* **ACTION ITEM**
Beginning with the line that contains "Gran Turismo 7", copy each subsequent line of the data below through the last one, including both ends but not the pictures.

* **Captioned web images**
-*-*-

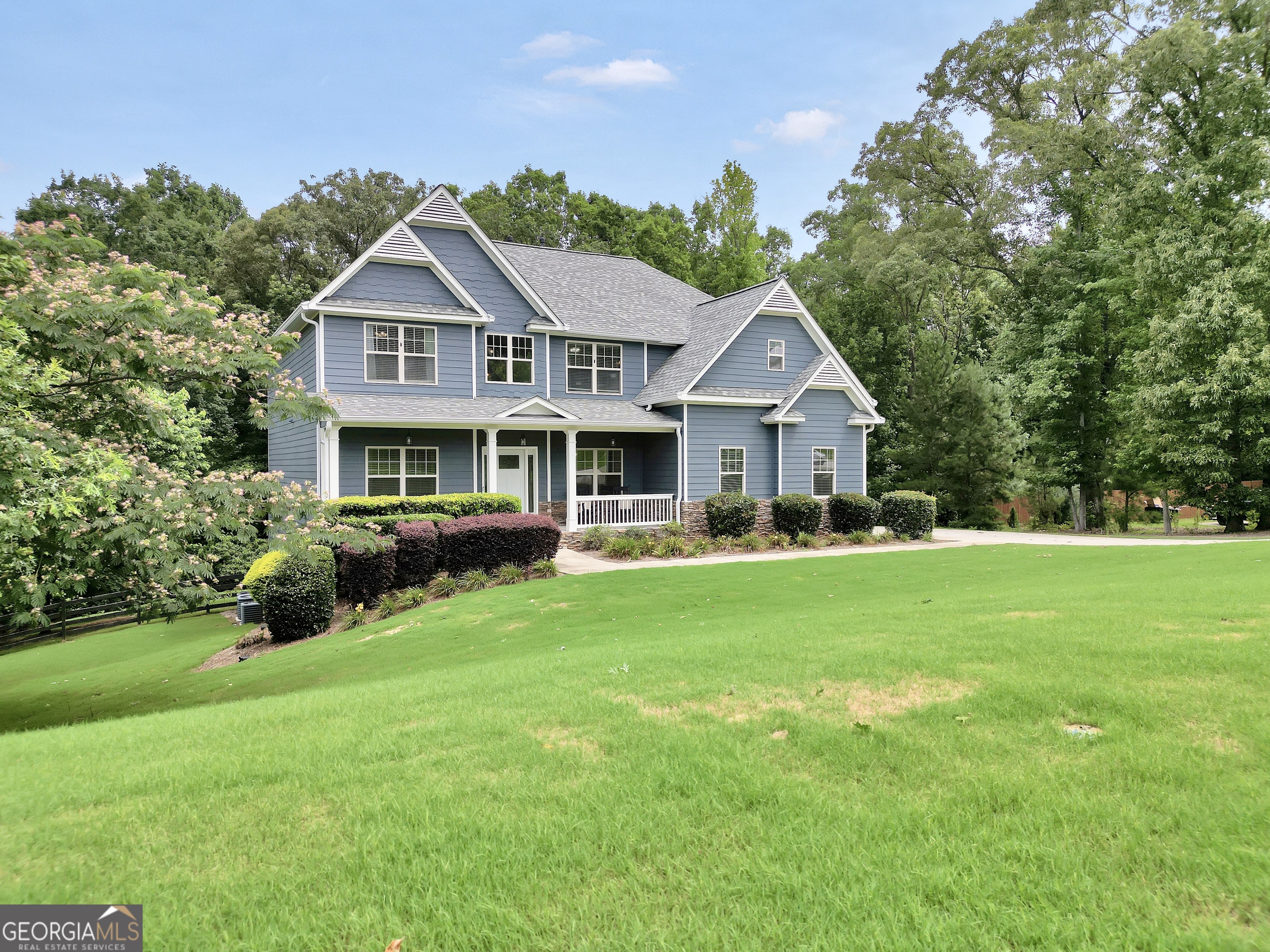 127 Northgate Preserve DR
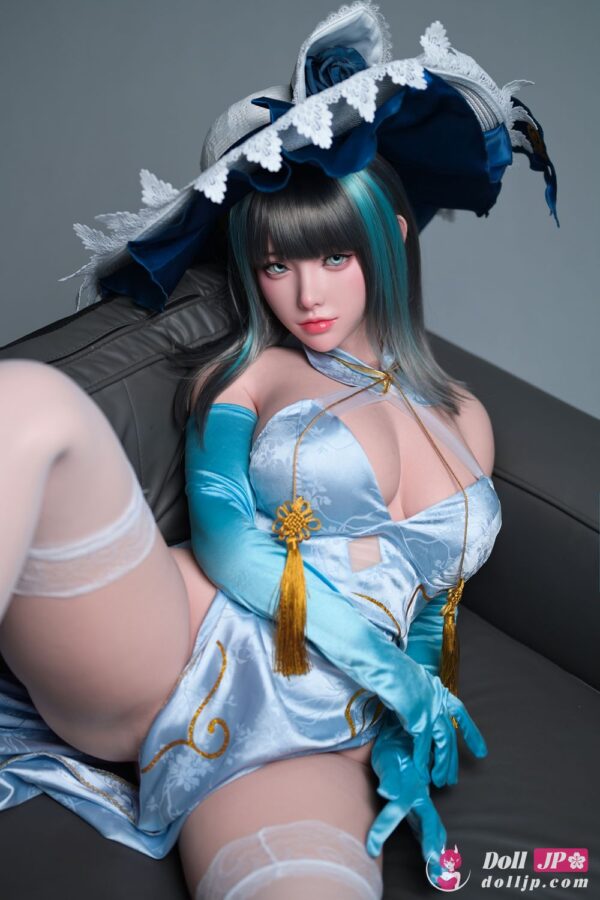 Real-Skin-Texture-Full-Silicone-FU-Xiaobei-161cm-F-cup-20260829-FUDOLL-SW161-DOLLJP-DE4A8B1D-27
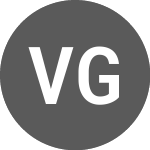 Logo of Vanguard Group (025A).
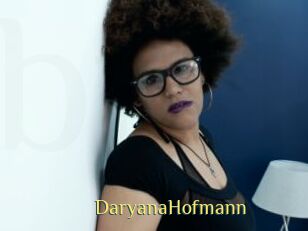 DaryanaHofmann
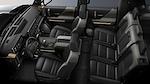 2025 GMC Hummer EV SUV 4x4 SUV for sale #B2152 - photo 31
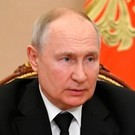 Путин и Пашинян обсудили ситуацию в Карабахе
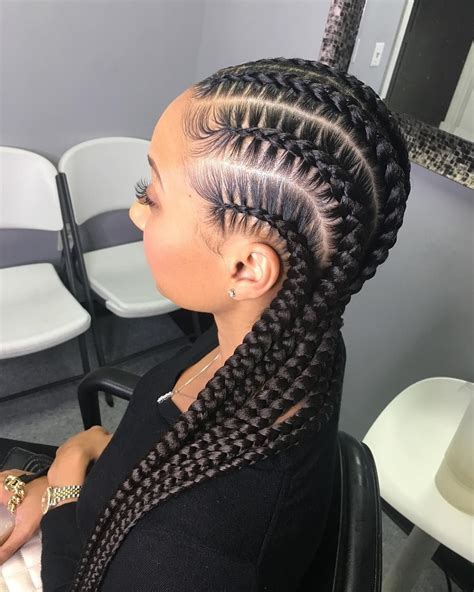 Unique Easy Hairstyles To Do With Weave Trend This Years Best Wedding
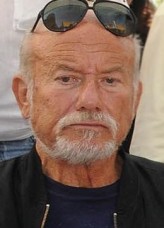 Kuzey Vargın fotoğrafı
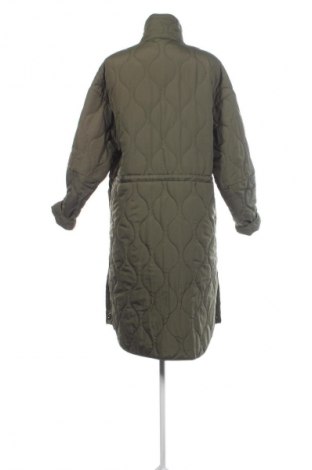 Damenjacke Hema, Größe M, Farbe Grün, Preis € 12,99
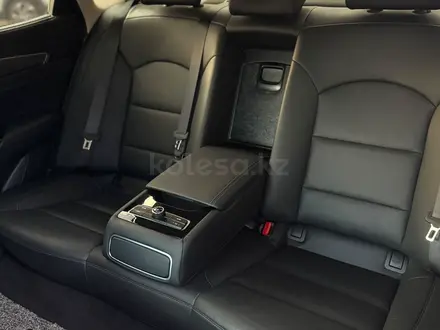 Kia K7 2019 года за 12 100 000 тг. в Алматы – фото 20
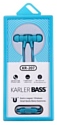 Karler Bass KR-207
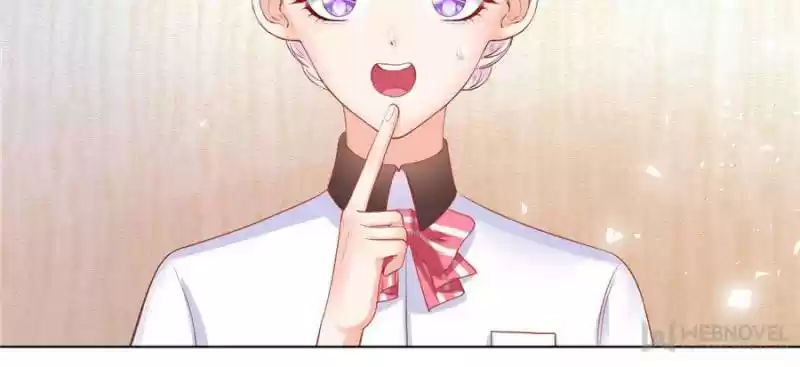 Prince Charming’S Lovely Gaze Chapter 29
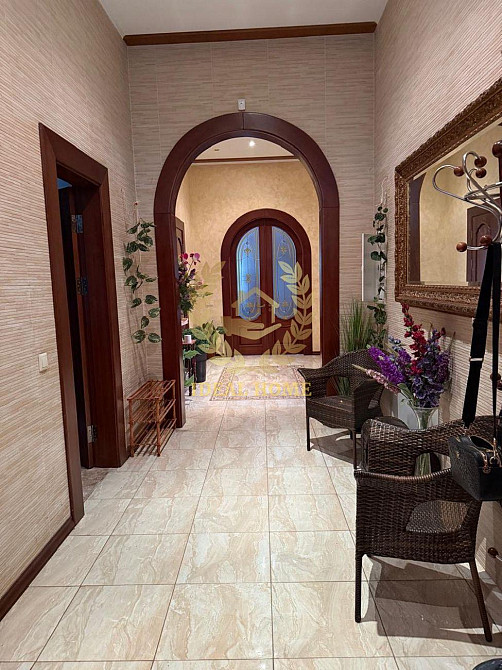 Продаж великого будинку в Києві Kiev - photo 2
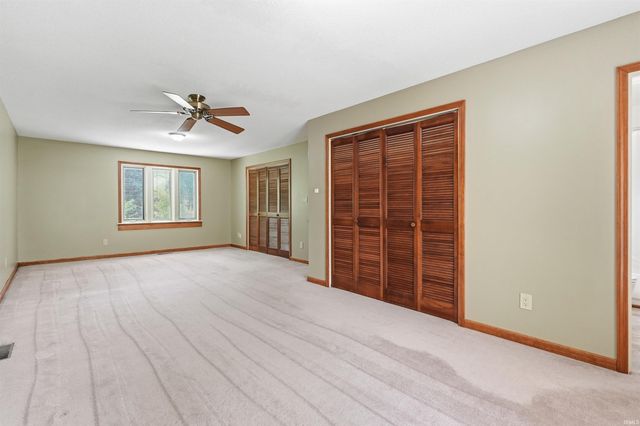 4627 Merriam Creek Drive, Fort Wayne, IN 46816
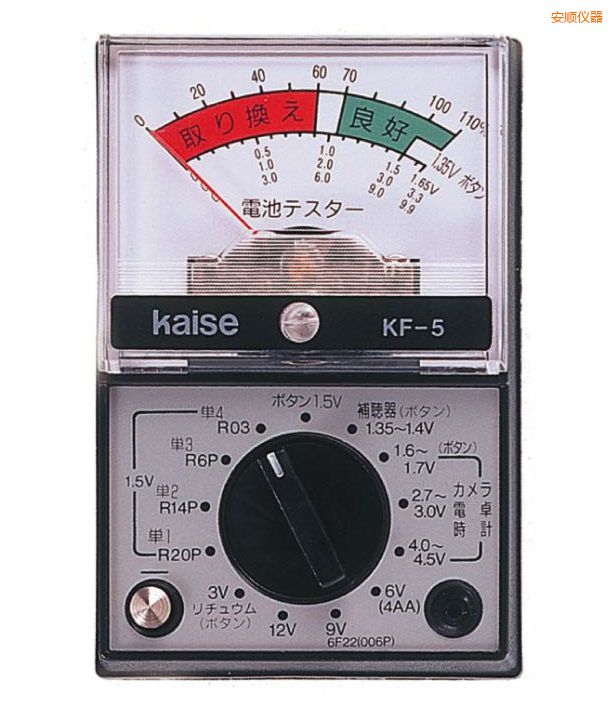 ���ָ�ʽ�f�ñ�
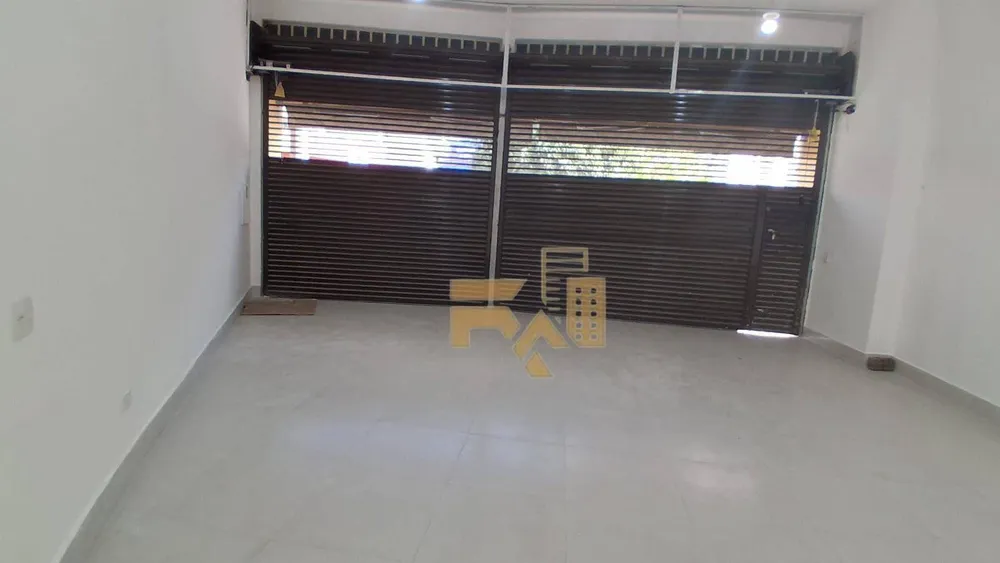 Loja-Salão, 150 m² - Foto 10
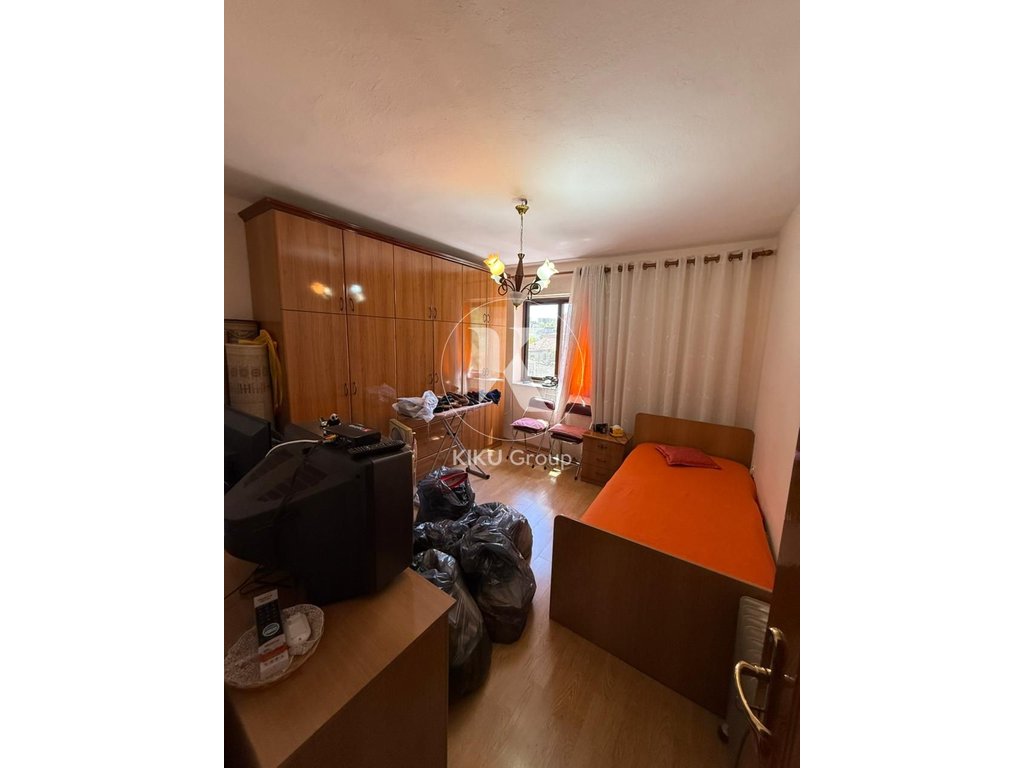 property-4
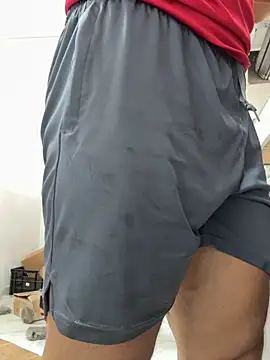 Paul22cm- live sex cam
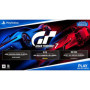Gran Turismo 7 | Standard Edition [PlayStation 4]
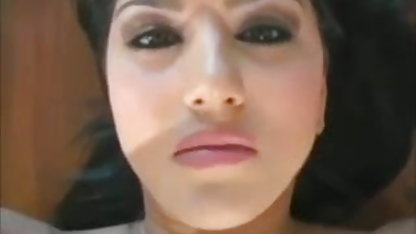 सेक्सी हिंदी मूवी सेक्सी वीडियो स्पेनिश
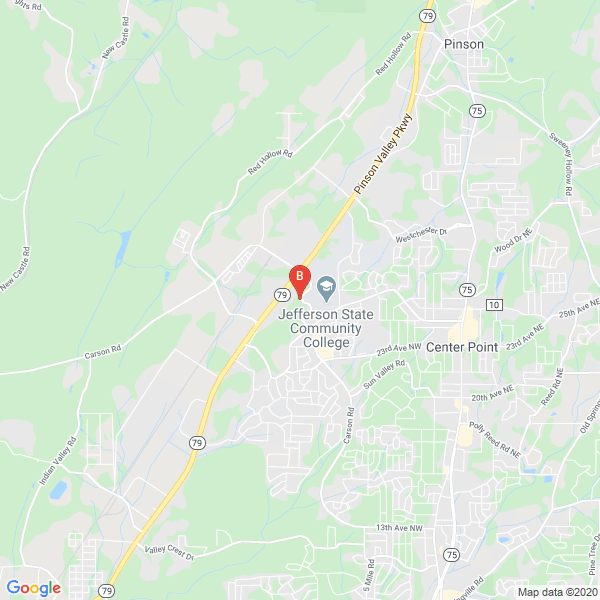 Business directory image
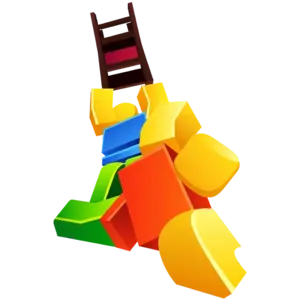 Chair Finisher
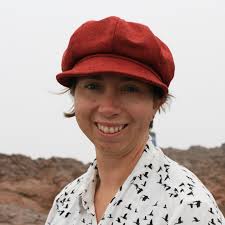 Shelburne Craft School — People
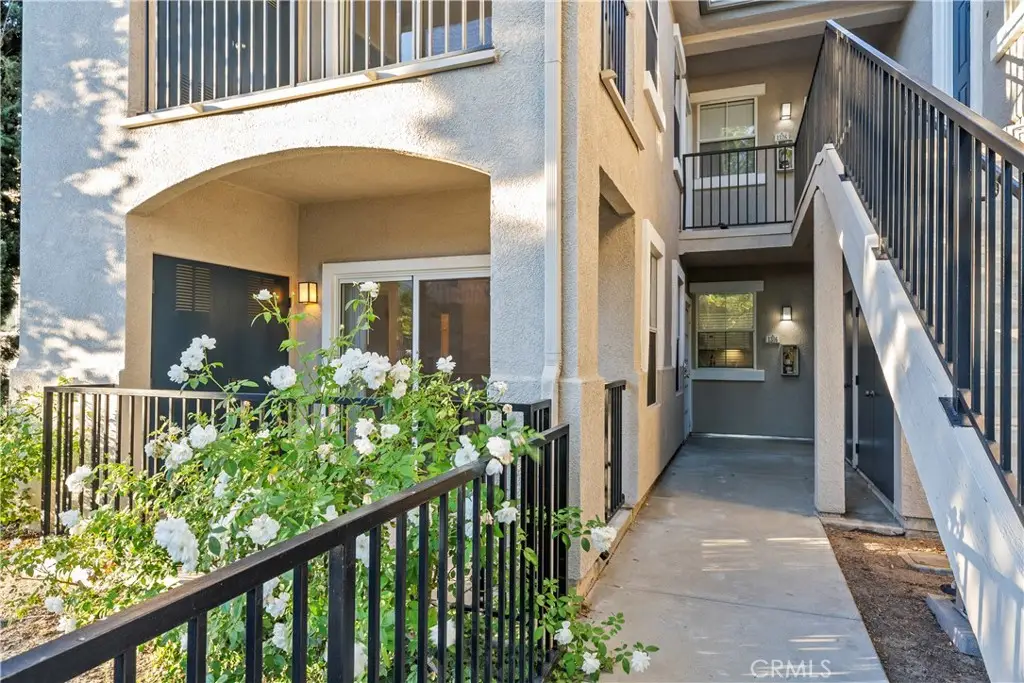 20000 Plum Canyon #1316, Saugus, CA 91350 - Image #1
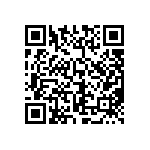 3M-AB5100HF-1-03-X-5YD QRCode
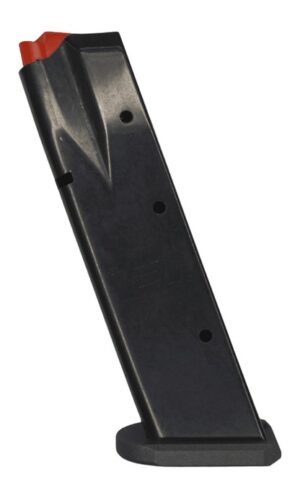 SAR Arms K12X-10 K12 SPORT X 9mm 10-Round Mag - Alexander's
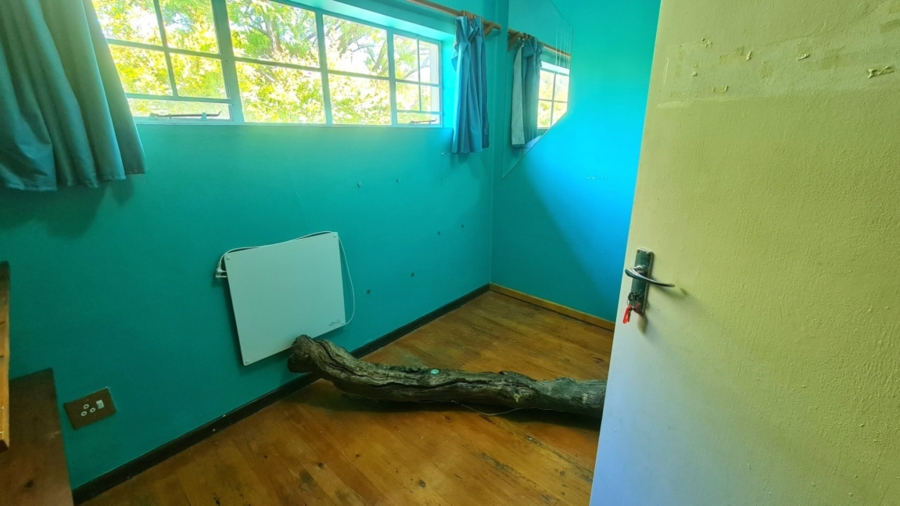 3 Bedroom Property for Sale in Old Place Western Cape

-*-*-

* **RESULT OF THE EXERCISE**
Gran Turismo 7 | Standard Edition [PlayStation 4]
 सेक्सी हिंदी मूवी सेक्सी वीडियो स्पेनिश
 Business directory image
 Chair Finisher
 Shelburne Craft School — People
 20000 Plum Canyon #1316, Saugus, CA 91350 - Image #1
 3M-AB5100HF-1-03-X-5YD QRCode
 SAR Arms K12X-10 K12 SPORT X 9mm 10-Round Mag - Alexander's
 3 Bedroom Property for Sale in Old Place Western Cape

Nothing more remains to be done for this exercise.